#### Dataset excerpts

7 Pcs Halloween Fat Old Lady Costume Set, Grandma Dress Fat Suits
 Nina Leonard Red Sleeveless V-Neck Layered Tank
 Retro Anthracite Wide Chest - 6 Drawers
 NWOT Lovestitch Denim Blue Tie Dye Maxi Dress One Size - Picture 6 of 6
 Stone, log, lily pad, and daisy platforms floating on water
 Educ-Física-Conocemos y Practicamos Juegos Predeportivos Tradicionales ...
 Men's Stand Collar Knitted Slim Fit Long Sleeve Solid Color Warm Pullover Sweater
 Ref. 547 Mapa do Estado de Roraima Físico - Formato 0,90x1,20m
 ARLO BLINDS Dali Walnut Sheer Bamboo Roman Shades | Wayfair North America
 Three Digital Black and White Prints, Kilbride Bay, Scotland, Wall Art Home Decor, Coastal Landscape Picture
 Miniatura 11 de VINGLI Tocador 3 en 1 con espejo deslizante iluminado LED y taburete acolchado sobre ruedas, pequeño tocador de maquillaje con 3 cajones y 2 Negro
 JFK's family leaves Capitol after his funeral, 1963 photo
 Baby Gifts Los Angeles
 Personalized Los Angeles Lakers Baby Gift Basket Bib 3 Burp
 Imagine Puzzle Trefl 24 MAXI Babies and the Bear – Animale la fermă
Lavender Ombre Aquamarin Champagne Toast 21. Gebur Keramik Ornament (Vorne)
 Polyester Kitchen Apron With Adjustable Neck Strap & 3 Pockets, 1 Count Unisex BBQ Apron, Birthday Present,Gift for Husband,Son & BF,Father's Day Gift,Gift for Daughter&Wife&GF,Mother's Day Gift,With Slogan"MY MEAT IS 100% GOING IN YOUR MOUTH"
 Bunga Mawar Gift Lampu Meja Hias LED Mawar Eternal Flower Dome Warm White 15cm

#### What you have to do
Each line of the entries where the string "Picture" occurs should be shown.

#### Exercise solution
 NWOT Lovestitch Denim Blue Tie Dye Maxi Dress One Size - Picture 6 of 6
 Three Digital Black and White Prints, Kilbride Bay, Scotland, Wall Art Home Decor, Coastal Landscape Picture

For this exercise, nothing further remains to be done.